Change the directory before run the rest of the program:

In [1]:
llamacpp_directory = '/Users/astridz/Documents/llama.cpp'
local_directory = '/Users/astridz/Documents/moho_bot'
docker_directory = '/Users/astridz'

Install other essential packages (by uncomment the lines), other packages should be installed in set-up step:

In [2]:
%pip install -q ipywidgets 
%pip install -q PyPDF2
%pip install -q langchain
# %pip install -q -r requirements.txt

Note: you may need to restart the kernel to use updated packages.
Note: you may need to restart the kernel to use updated packages.
Note: you may need to restart the kernel to use updated packages.

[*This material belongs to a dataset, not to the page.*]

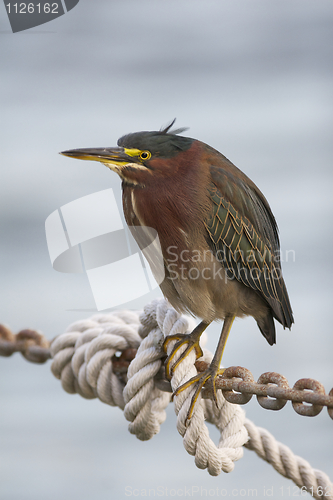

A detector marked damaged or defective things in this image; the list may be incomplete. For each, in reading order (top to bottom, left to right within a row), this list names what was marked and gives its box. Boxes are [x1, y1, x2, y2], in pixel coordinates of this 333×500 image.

rusty chain [0, 324, 332, 418]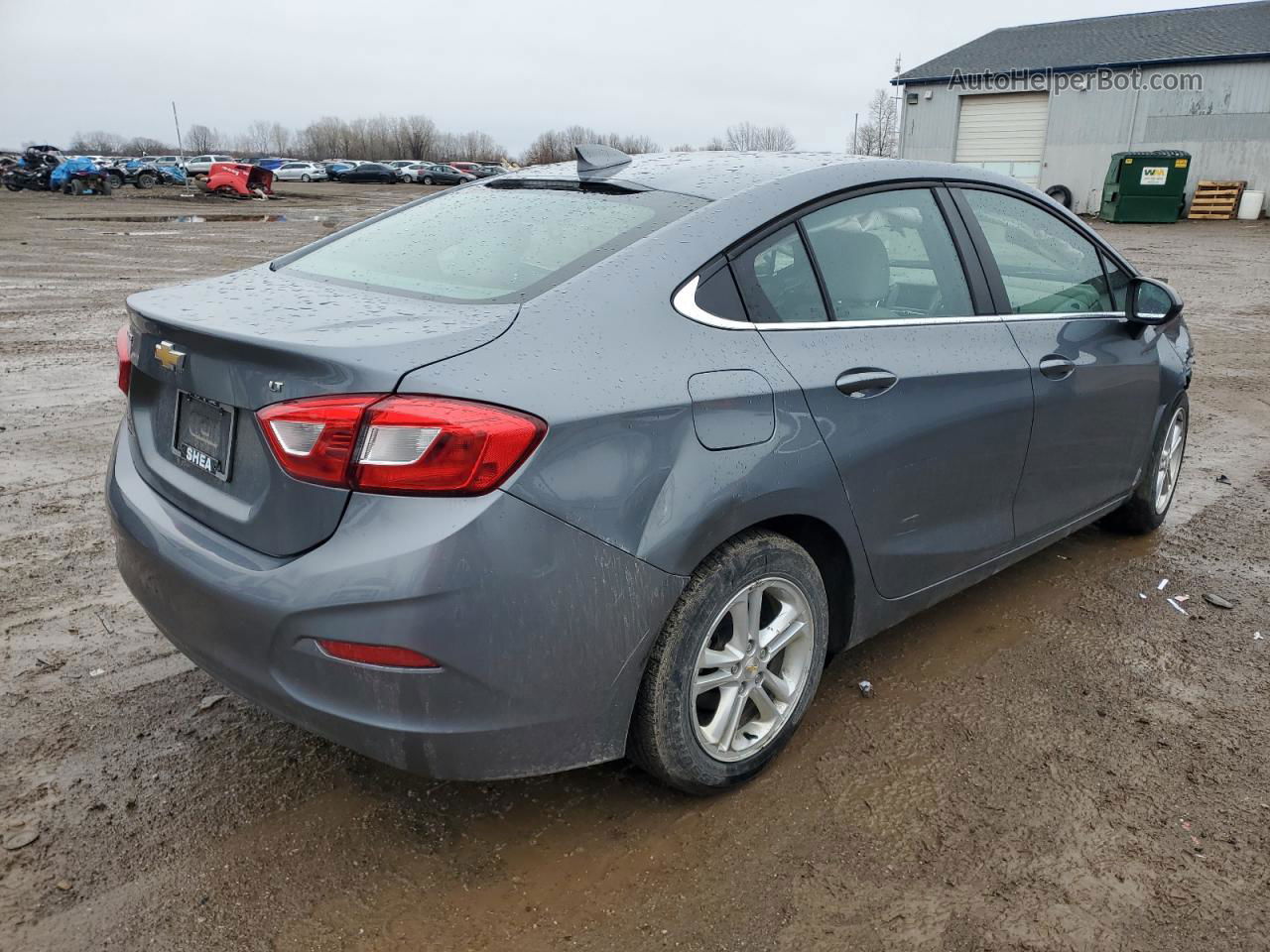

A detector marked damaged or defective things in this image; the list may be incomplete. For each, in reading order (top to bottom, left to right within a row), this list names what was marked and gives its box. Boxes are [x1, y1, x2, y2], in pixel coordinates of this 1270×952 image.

# Initial Epsilla Vector Database

You should already install docker in your laptop. Run these 2 commands to install the Epsilla vector database docker image on your personal computer:

https://github.com/epsilla-cloud/vectordb

import os
<!-- docker installed in "/Users/astridz/Documents/Moho_Bot/myvenv/lib/python3.10/site-packages/docker" -->
os.chdir(docker_directory)
!open -a Docker
!docker pull epsilla/vectordb
!docker run --pull=always -d -p 8888:8888 epsilla/vectordb
os.chdir(local_directory)

## Train vector space

In [3]:
from langchain.document_loaders import TextLoader 
from langchain.text_splitter import CharacterTextSplitter, RecursiveCharacterTextSplitter
from langchain.vectorstores import Epsilla
from sentence_transformers import SentenceTransformer
from typing import List
from glob import glob
from langchain.vectorstores import Epsilla
from pyepsilla import vectordb
from langchain.vectorstores import Chroma

In [4]:
def reading(fileName):
    f = open(fileName, "r")
    content = f.read() 
    f.close()
    return content
# Local embedding model
model = SentenceTransformer('all-MiniLM-L6-v2')
class LocalEmbeddings():
    def embed_documents(self, texts: List[str]) -> List[List[float]]:
        return model.encode(texts).tolist()
        
embeddings = LocalEmbeddings()
files = glob("./Documents_collection/*")
splitted_documents = []
splitter = RecursiveCharacterTextSplitter( separators=[" ", ",", "\n"],chunk_size=1000, chunk_overlap=200)

for file in files:
    loader = TextLoader(file)
    documents = loader.load()
    split_docs = splitter.split_documents(documents)
    # print("Splitted document chunk size for current file:", len(split_docs))
    splitted_documents.extend(split_docs)

In [5]:
client = vectordb.Client()

# Connect to Epsilla as knowledge base.
vector_store = Epsilla.from_documents(
    splitted_documents,
    embeddings,
    client,
    db_path="/tmp/localchatdb",
    db_name="LocalChatDB",
    collection_name="LocalChatCollection"
)

[INFO] Connected to localhost:8888 successfully.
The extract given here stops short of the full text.